Michelle, who established her Mandarin school in West Jakarta in 2001, has witnessed a healthy growth in her own school. Starting from 11 students in 2001, the school now has about 100 students and five teachers from mainland China.
"Most of my students are Chinese-Indonesian schoolchildren. Their parents put them in the course because they think Mandarin will be useful for their children's future," she added.
However, her school has also received some requests from private companies to provide in-house training for employees.
"For companies, we have a business conversation program," Michelle said.
For the regular program, one term at her school costs at least Rp 500,000 for 16 one-hour sessions.
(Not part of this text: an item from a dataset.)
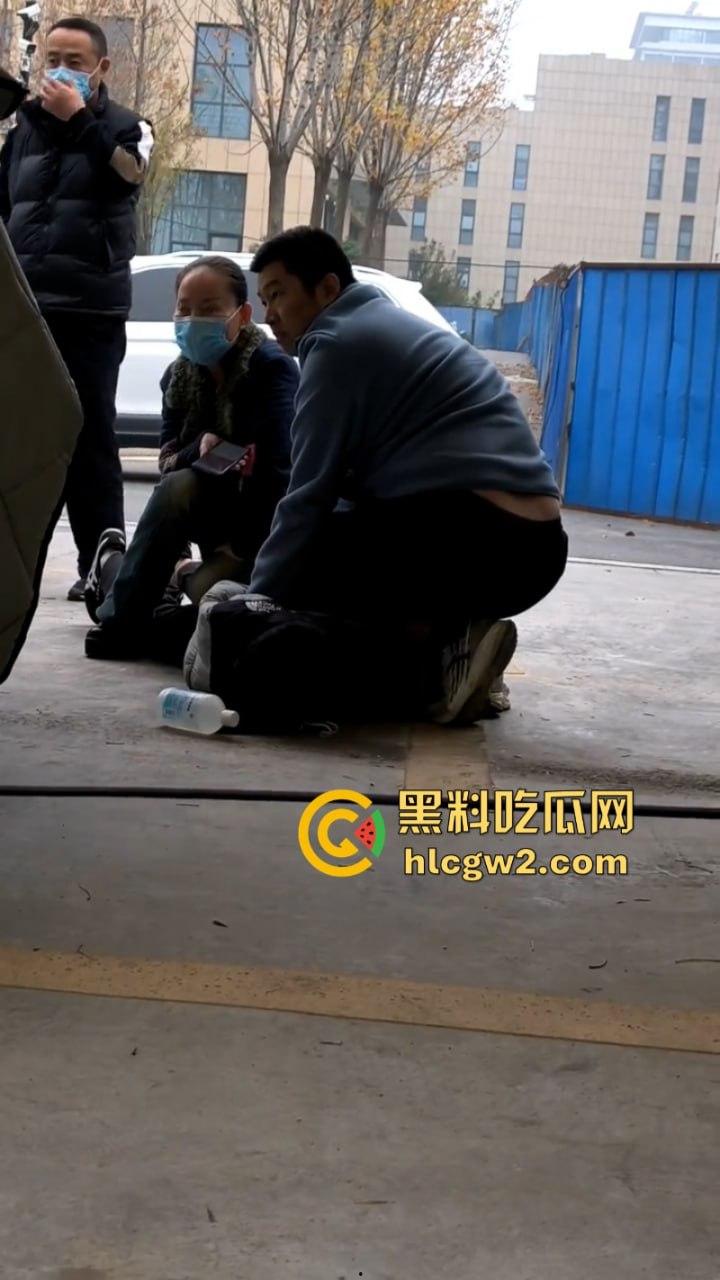 山东淄博小伙偷宝马车被车主发现当街扣押 年纪轻轻就在警局记录在册了-4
"My course, perhaps, costs more than those at many other schools. But we provide teachers who are really Mandarin teachers from China, not just Chinese people who can speak Mandarin but cannot teach it," Michelle added.
Michelle's teachers are also hired to teach Mandarin at the upmarket private school Tunas Muda, West Jakarta.
"Due to parents' growing demand, we provide Mandarin classes. They say that Mandarin has become popular everywhere so they want their children to learn early," Elly Kusumastuti, a marketing officer at Tunas Muda, said.
The use of Mandarin characters was banned from publication and books by the New Order government.
This regulation, along with others that banned any public expression of Chinese culture, distanced Chinese culture from the younger generation of Chinese-Indonesians.
This ban was in effect for more than 30 years until, in 2000, then president Abdurrahman "Gus Dur" Wahid lifted the ban on public celebrations of the Chinese New Year.
Gus Dur's action paved the way for subsequent administrations to lift other bans on Chinese culture.
Shortly afterward, Mandarin courses began flourishing in big cities and the mass media began catering to audiences who wished to know Mandarin.
A broadcast of popular Taiwanese serial Meteor Garden has also helped to spread the popularity of Mandarin.
Catherine Keng, a producer for the Mandarin news program at TV station Metro TV, said the ratings for her program had been encouraging since the start in 2001.
"The rise is positive, although not dramatic," she said.
Keng added that the program, which was designed for Chinese- Indonesian audiences, also attracted non-Chinese.
"We have received requests to provide subtitles on our programs," she said. "Responding to audience feedback, we recently launched a new program to introduce daily conversation Mandarin."
The program displays a short scene with actors conversing in simple Mandarin, like "ni hao" for "how are you?".
"China's economy is getting stronger so Mandarin will be a valuable asset for your career," she added.